The functional differential is given by $$ \delta J[f(x)] = \frac{\partial J}{\partial f}\delta f(x) + \frac{\partial J}{\partial f'}\delta f'(x), $$ hence $$ \frac{\delta J[f]}{\delta f(z)} = \frac{\partial J}{\partial f}\frac{\delta f(x)}{\delta f(z)} + \frac{\partial J}{\partial f'}\frac{\delta f'(z)}{\delta f(z)}, $$ with $$ \frac{\delta f'(x)}{\delta f(z)} = \frac{\delta}{\delta f(z)}\frac{\mathrm{d}f(x)}{\mathrm{d}x} = \frac{\mathrm{d}}{\mathrm{d}x}\frac{\delta f(x)}{\delta f(z)} = \frac{\mathrm{d}}{\mathrm{d}x}\delta'(x-z) \equiv -\delta(x-z)\frac{\mathrm{d}}{\mathrm{d}x} $$ where the last line is due to an integration by parts.
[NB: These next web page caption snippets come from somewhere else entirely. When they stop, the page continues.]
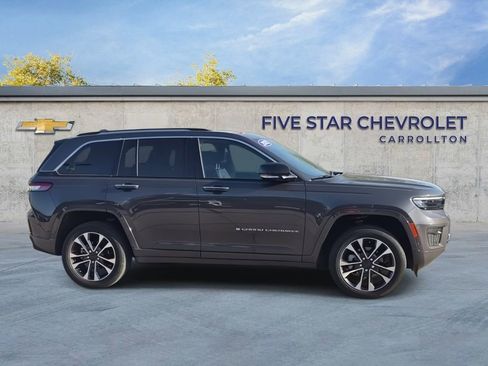 Used 2023 Jeep Grand Cherokee Overland AWD/4WD image 9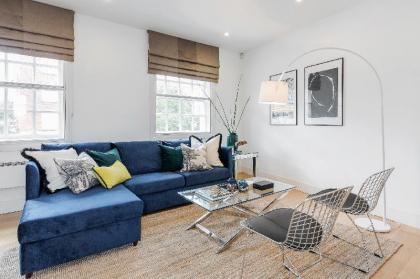 Stunning Artist 2BR Flat on Kensington High Street - image 4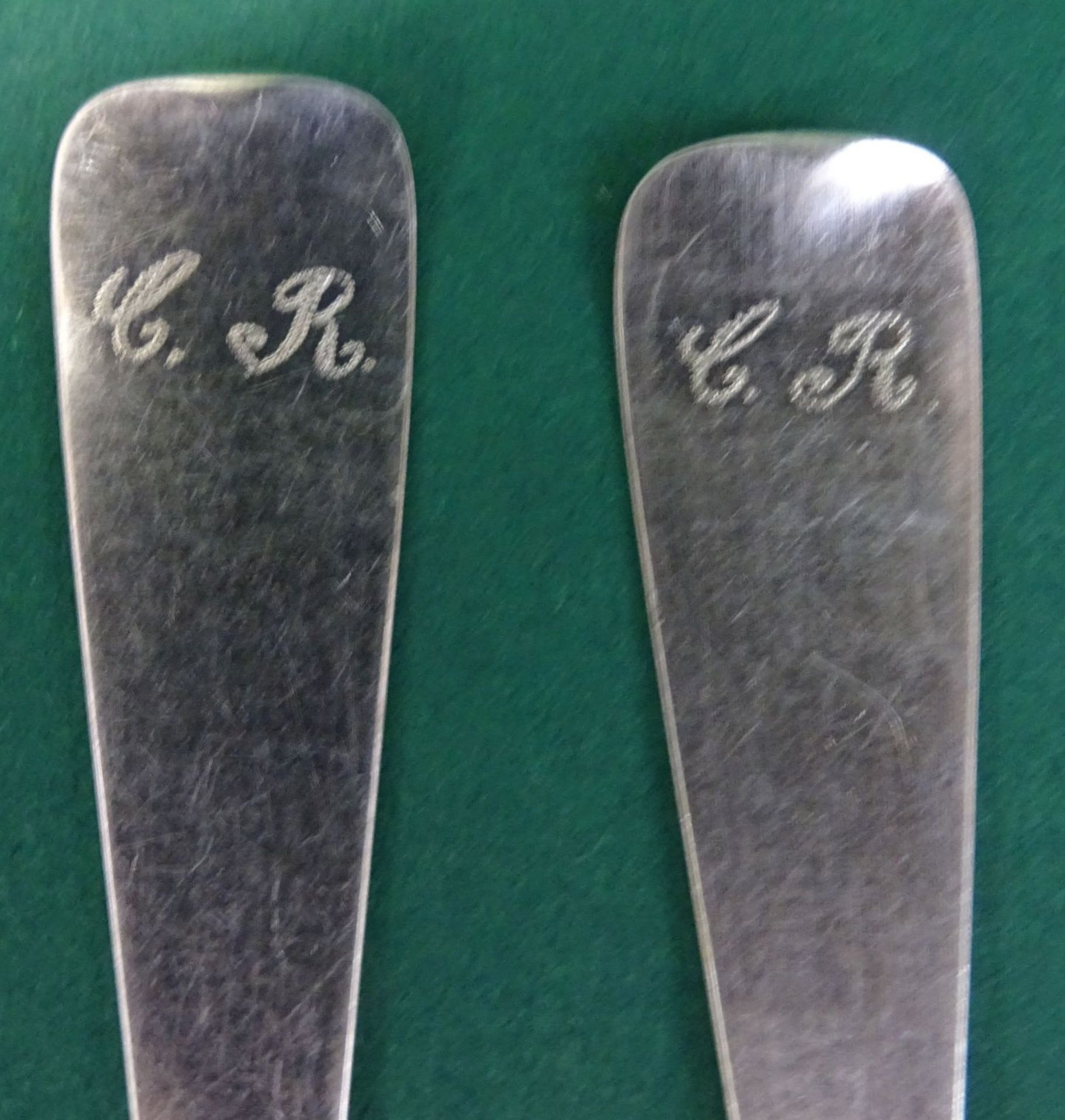 6 Kaffeelöffel, lötiges Silber, Ziermonogramm C.R., L.-14 cm, zus. 85 g - Bild 4 aus 4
In consequence, one gets : $$ \frac{\delta J[f]}{\delta f(z)} = \delta(x-z)\left(\frac{\partial J}{\partial f} - \frac{\mathrm{d}}{\mathrm{d}x}\frac{\partial J}{\partial f'}\right) $$ In the present case, one has $$ \frac{\partial}{\partial f'} \frac{e^{f(y)-f(x)}}{f'(x)} = -\frac{e^{f(y)-f(x)}}{f'(x)^2} $$ and $$ -\frac{e^{f(y)-f(x)}}{f'(x)^2} \frac{\delta f'(x)}{\delta f(z)} \equiv \delta(x-z)\frac{\mathrm{d}}{\mathrm{d}x} \frac{e^{f(y)-f(x)}}{f'(x)^2} = -\delta(x-z)(1+2f''(x))\frac{e^{f(y)-f(x)}}{f'(x)} $$ Note that there is no derivative with respect to $y$ because $f'(y)$ doesn't appear within the functional.

Answer 3

1. OP's functional reads $$ J[f]~=~\iint_{[a,b]^2}\!\mathrm{d}x~\mathrm{d}y~\frac{e^{f(y) - f(x)}}{f'(x)} g(x,y)\theta(y\!-\!x),\tag{1}$$ where $\theta$ denotes the Heaviside step function.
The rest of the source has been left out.